═══ Source material ═══
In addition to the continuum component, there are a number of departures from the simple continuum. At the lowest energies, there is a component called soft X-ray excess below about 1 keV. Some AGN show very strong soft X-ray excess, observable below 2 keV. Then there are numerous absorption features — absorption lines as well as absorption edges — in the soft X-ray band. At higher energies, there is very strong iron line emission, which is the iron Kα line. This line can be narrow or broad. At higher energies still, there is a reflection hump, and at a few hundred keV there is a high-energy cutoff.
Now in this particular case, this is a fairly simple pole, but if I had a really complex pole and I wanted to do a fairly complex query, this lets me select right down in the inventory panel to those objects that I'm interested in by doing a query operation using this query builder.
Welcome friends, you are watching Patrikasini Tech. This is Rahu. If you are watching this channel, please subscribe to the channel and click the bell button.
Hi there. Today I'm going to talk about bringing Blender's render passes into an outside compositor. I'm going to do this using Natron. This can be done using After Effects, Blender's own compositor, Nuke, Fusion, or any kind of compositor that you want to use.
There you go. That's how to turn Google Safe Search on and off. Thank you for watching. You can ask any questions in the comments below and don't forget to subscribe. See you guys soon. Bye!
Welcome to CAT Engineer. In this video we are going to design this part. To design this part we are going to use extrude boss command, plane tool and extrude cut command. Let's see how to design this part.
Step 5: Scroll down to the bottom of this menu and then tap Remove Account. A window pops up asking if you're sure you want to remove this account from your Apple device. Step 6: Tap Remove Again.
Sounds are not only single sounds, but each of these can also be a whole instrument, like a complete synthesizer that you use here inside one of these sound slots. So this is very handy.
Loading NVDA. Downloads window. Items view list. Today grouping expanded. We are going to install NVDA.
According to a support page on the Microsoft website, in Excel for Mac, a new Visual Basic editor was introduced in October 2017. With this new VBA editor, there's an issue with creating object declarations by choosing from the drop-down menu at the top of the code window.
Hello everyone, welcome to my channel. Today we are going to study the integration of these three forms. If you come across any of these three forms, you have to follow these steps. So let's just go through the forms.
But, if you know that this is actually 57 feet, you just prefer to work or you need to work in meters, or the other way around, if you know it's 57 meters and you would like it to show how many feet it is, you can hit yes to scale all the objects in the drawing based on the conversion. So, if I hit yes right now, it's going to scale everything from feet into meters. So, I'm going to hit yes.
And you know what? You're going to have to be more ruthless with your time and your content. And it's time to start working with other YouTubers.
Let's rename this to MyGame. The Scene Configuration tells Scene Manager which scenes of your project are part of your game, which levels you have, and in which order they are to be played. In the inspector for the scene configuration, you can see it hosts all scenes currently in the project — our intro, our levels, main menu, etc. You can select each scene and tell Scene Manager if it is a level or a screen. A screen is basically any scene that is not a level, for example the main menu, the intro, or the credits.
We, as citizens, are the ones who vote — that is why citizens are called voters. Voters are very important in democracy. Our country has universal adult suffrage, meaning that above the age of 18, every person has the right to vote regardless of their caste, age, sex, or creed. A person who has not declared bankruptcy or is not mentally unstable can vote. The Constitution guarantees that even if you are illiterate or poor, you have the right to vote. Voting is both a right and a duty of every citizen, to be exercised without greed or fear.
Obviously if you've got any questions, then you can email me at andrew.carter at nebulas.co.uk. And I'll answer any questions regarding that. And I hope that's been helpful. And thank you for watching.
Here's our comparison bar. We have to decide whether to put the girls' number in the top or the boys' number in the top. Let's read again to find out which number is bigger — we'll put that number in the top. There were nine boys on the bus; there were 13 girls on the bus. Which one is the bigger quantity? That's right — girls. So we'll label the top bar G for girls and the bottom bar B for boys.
═══
__Required action__:
What is needed is an exact copy of all the entries.

__Your response__:
In addition to the continuum component, there are a number of departures from the simple continuum. At the lowest energies, there is a component called soft X-ray excess below about 1 keV. Some AGN show very strong soft X-ray excess, observable below 2 keV. Then there are numerous absorption features — absorption lines as well as absorption edges — in the soft X-ray band. At higher energies, there is very strong iron line emission, which is the iron Kα line. This line can be narrow or broad. At higher energies still, there is a reflection hump, and at a few hundred keV there is a high-energy cutoff.
Now in this particular case, this is a fairly simple pole, but if I had a really complex pole and I wanted to do a fairly complex query, this lets me select right down in the inventory panel to those objects that I'm interested in by doing a query operation using this query builder.
Welcome friends, you are watching Patrikasini Tech. This is Rahu. If you are watching this channel, please subscribe to the channel and click the bell button.
Hi there. Today I'm going to talk about bringing Blender's render passes into an outside compositor. I'm going to do this using Natron. This can be done using After Effects, Blender's own compositor, Nuke, Fusion, or any kind of compositor that you want to use.
There you go. That's how to turn Google Safe Search on and off. Thank you for watching. You can ask any questions in the comments below and don't forget to subscribe. See you guys soon. Bye!
Welcome to CAT Engineer. In this video we are going to design this part. To design this part we are going to use extrude boss command, plane tool and extrude cut command. Let's see how to design this part.
Step 5: Scroll down to the bottom of this menu and then tap Remove Account. A window pops up asking if you're sure you want to remove this account from your Apple device. Step 6: Tap Remove Again.
Sounds are not only single sounds, but each of these can also be a whole instrument, like a complete synthesizer that you use here inside one of these sound slots. So this is very handy.
Loading NVDA. Downloads window. Items view list. Today grouping expanded. We are going to install NVDA.
According to a support page on the Microsoft website, in Excel for Mac, a new Visual Basic editor was introduced in October 2017. With this new VBA editor, there's an issue with creating object declarations by choosing from the drop-down menu at the top of the code window.
Hello everyone, welcome to my channel. Today we are going to study the integration of these three forms. If you come across any of these three forms, you have to follow these steps. So let's just go through the forms.
But, if you know that this is actually 57 feet, you just prefer to work or you need to work in meters, or the other way around, if you know it's 57 meters and you would like it to show how many feet it is, you can hit yes to scale all the objects in the drawing based on the conversion. So, if I hit yes right now, it's going to scale everything from feet into meters. So, I'm going to hit yes.
And you know what? You're going to have to be more ruthless with your time and your content. And it's time to start working with other YouTubers.
Let's rename this to MyGame. The Scene Configuration tells Scene Manager which scenes of your project are part of your game, which levels you have, and in which order they are to be played. In the inspector for the scene configuration, you can see it hosts all scenes currently in the project — our intro, our levels, main menu, etc. You can select each scene and tell Scene Manager if it is a level or a screen. A screen is basically any scene that is not a level, for example the main menu, the intro, or the credits.
We, as citizens, are the ones who vote — that is why citizens are called voters. Voters are very important in democracy. Our country has universal adult suffrage, meaning that above the age of 18, every person has the right to vote regardless of their caste, age, sex, or creed. A person who has not declared bankruptcy or is not mentally unstable can vote. The Constitution guarantees that even if you are illiterate or poor, you have the right to vote. Voting is both a right and a duty of every citizen, to be exercised without greed or fear.
Obviously if you've got any questions, then you can email me at andrew.carter at nebulas.co.uk. And I'll answer any questions regarding that. And I hope that's been helpful. And thank you for watching.
Here's our comparison bar. We have to decide whether to put the girls' number in the top or the boys' number in the top. Let's read again to find out which number is bigger — we'll put that number in the top. There were nine boys on the bus; there were 13 girls on the bus. Which one is the bigger quantity? That's right — girls. So we'll label the top bar G for girls and the bottom bar B for boys.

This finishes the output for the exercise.